Ne "Il mestiere delle armi", infatti, è di scena la figura di Joanni de' Medici, detto anche dalle Bande Nere, condottiero fra i più noti ed ammirati dell'epoca, capitano dell'esercito pontificio che combatté strenuamente al fine di evitare che i Lanzichenecchi, guidati da Zorzo Frundsberg, espugnassero Roma per metterla a sacco.
La pellicola racconta, in particolare, l'ultima settimana di vita del celebre stratega, prima ch'egli venisse ferito alla gamba da un colpo di falconetto (una delle prime bocche da fuoco adoperate sui campi di battaglia) e morisse di cancrena, appena ventottenne, nel 1526.
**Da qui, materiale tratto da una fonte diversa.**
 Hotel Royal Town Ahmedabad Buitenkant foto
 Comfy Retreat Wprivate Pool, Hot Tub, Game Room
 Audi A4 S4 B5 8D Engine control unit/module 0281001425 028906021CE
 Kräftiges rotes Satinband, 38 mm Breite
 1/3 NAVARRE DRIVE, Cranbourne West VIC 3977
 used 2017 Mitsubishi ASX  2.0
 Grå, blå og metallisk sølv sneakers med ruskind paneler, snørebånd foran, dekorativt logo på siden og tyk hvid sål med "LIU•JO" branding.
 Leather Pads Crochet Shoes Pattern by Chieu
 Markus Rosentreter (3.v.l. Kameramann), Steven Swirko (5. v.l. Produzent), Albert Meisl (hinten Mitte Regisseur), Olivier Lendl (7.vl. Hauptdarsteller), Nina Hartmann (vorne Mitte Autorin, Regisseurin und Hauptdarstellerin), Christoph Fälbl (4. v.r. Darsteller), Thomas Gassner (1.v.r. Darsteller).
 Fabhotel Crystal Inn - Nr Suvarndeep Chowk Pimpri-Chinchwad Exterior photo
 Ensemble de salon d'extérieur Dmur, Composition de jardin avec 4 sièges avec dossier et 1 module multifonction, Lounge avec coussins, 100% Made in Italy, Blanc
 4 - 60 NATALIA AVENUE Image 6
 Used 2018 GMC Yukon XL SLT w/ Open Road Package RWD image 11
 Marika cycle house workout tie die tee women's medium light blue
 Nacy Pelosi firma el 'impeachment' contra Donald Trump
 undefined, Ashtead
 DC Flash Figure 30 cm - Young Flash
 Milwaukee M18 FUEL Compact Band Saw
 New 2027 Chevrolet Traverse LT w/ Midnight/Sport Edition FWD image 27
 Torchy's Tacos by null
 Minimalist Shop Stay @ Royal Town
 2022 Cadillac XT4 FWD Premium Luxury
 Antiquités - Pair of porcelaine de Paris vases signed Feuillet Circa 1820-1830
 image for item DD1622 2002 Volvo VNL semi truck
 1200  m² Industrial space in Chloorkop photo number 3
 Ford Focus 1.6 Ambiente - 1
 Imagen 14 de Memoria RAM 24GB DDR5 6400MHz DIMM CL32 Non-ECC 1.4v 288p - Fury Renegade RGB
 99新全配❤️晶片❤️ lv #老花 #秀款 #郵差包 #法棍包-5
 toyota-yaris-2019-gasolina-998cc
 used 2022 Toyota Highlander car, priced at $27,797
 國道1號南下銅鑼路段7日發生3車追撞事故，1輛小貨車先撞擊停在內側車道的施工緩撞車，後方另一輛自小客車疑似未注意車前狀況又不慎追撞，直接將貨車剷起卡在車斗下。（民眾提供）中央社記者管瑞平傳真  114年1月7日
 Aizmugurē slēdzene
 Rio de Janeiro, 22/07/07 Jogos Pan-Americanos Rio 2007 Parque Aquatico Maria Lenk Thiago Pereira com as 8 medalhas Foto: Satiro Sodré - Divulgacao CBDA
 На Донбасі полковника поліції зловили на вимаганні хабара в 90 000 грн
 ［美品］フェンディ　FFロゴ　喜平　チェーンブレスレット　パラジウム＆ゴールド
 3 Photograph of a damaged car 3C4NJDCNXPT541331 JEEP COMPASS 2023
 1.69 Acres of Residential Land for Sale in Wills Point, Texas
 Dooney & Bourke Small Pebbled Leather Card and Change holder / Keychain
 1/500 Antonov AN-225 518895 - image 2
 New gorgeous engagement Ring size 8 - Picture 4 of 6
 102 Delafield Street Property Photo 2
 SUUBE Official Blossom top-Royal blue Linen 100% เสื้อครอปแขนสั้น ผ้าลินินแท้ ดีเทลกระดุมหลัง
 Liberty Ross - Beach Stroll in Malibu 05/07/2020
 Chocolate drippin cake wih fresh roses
Figurativamente impeccabile, ricercato nella composizione dell'immagine e nel gusto dell'inquadratura, il film è descrittivo e preparatorio nella prima parte (che ricorda, per il suo rigore antispettacolare ed il ritmo volutamente lento, il "Lancillotto e Ginevra" di Bresson), commosso e solenne nella seconda, ove viene messa in scena con pudore l'agonia ed infine la dipartita del protagonista.
La voce fuori campo nel finale, annunciando l'auspicio d'una messa al bando per le armi da fuoco, induce oggi al sorriso: ed è vieppiù efficace nel sottolineare, per antitesi, il vigoroso messaggio antibellico dell'opera.